MHB Expressing a set as the difference between two sets.

[rayne1]

Let a, b, c, and d be real numbers with a < b < c < d. Express the set [a, b]U[c, d] as the difference of two sets.

I know that [a,b]U[c,d] is a union and what a difference of two sets is, but I don't quite understand this question.

 

[mathbalarka]

Note that you're given the condition $a < b < c < d$. Thus, $[a, b]$ and $[c, d]$ are disjoint, i.e., $(b, c)$ is non-null. Consider the compactfied interval $[a, d] \supset [a, b] \cup [c, d]$. Can you "subtract" something from $[a, d]$ to produce $[a, b] \cup [c, d]$?

 

[evinda]

Let a, b, c, and d be real numbers with a < b < c < d. Express the set [a, b]U[c, d] as the difference of two sets.

I know that [a,b]U[c,d] is a union and what a difference of two sets is, but I don't quite understand this question.

Hi!

$$[a, b] \cup [c, d]=[a,d] \setminus (b,c)$$

since at the interval $[a, b] \cup [c, d]$ are included all the numbers from the interval $[a,d]$, except the ones that belong to the open interval $(b,c)$.

 

[rayne1]

Note that you're given the condition $a < b < c < d$. Thus, $[a, b]$ and $[c, d]$ are disjoint, i.e., $(b, c)$ is non-null. Consider the compactfied interval $[a, d] \supset [a, b] \cup [c, d]$. Can you "subtract" something from $[a, d]$ to produce $[a, b] \cup [c, d]$?
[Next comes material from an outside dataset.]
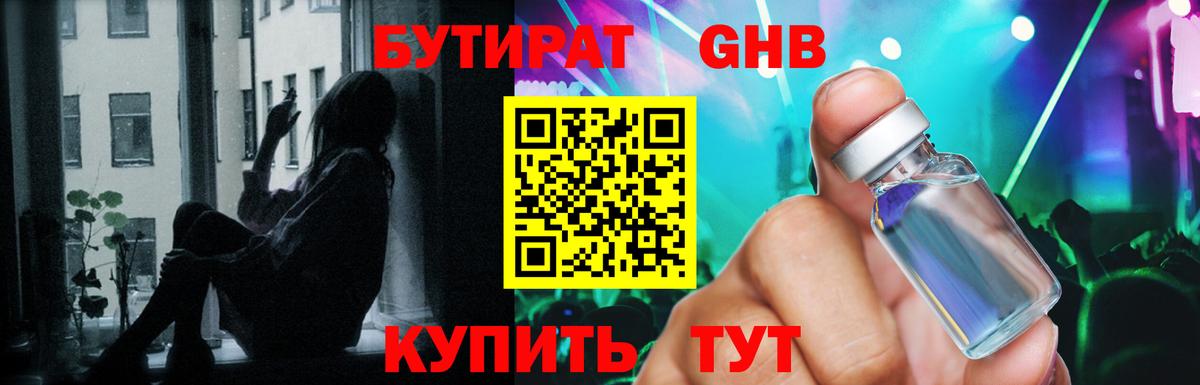 Бутират оксибутират Сыктывкар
So like what evinda said, (b,c)?

 

[mathbalarka]

Yes, well, evinda revealed it. It can be written as $[a, d] - (b, c)$.

 

[Deveno]

In general, a union of bounded intervals can be expressed as the interval bounded by the inf and the sup of all the intervals, minus the "holes".

I like to think of $A - B$ as: $A$, except for the bite $B$ took out of $A$.

 

[Evgeny.Makarov]

Let a, b, c, and d be real numbers with a < b < c < d. Express the set [a, b]U[c, d] as the difference of two sets.

And, of course, $[a, b]\cup[c, d]=([a, b]\cup[c, d])\setminus\emptyset$. Many other variants are possible. If the problem asked to represent $[a, b]\cup[c, d]$ as the difference of two segments, then I believe there is only one solution.